In the book the Tao of Leadership by John Heider, the author describes three roles for a leader:
- Warrior—“leader acts with power and decision” (the Yang or masculine)
- Healer—“leader acts as a healer and is in an open, receptive, and nourishing state” (the Yin or feminine)
- Tao—“leader withdraws from the group and returns to silence, returns to G-d…withdraw in order … to replenish my spirit.”
Helder goes on to state that “the leader who knows when to listen, when to act, and when to withdraw can work effectively with nearly anyone…perhaps the most difficult and sophisticated group members.”
In User-centric Enterprise Architecture, we bring together business and technical leaders and subject matter experts; we work vertically and horizontally in the organization as well as with stakeholders outside the enterprise. To effectively lead, collaborate, and communicate with all these group members, the architect ‘leader’ must know when to act as the “warrior” (push for change, results, and be decisive), when to act as the “healer” (listen, be receptive, and encourage others), and when to return to the “Tao” (withdraw and let others reflect or let the process evolve for a while).

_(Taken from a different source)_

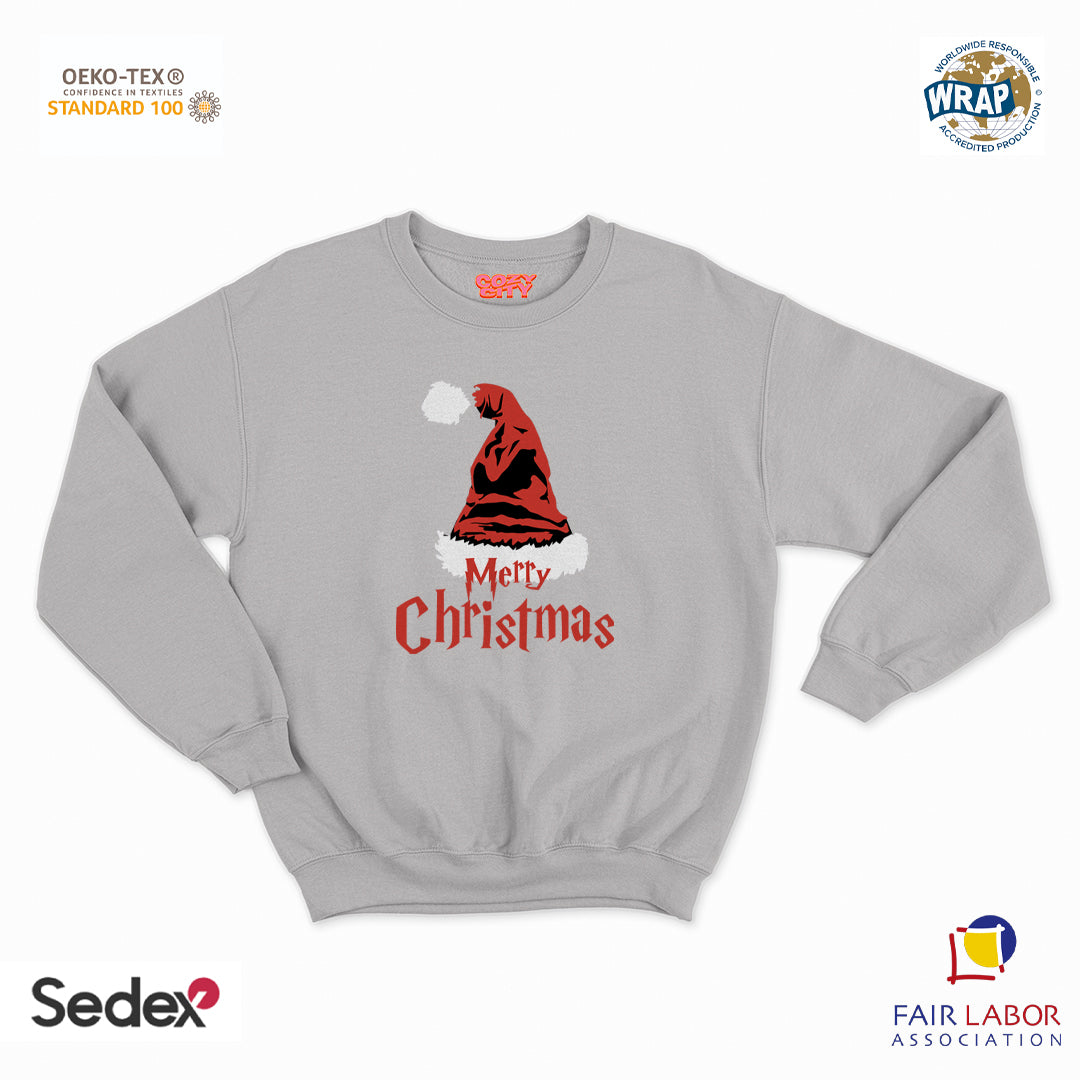 felpa con girocollo unisex- merry harry chistmas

In general, a great leader-architect is skilled in these various roles and is judicious on when to use each. If as a leader, for example, you talk when you should listen, or withdraw when you should engage, and so on, you can fall right on your sword (i.e. you’ll fail as a leader, as a change agent, and as an enterprise architect).
The leader-architect needs to be fluid between roles and to engage-withdraw, speak-listen, focus on work-focus on people, stabilize-seek change, push for progress-let things evolve. It’s all a fine line; many would call it a tightrope. That is why few people are truly excellent leaders. Although practice makes perfect!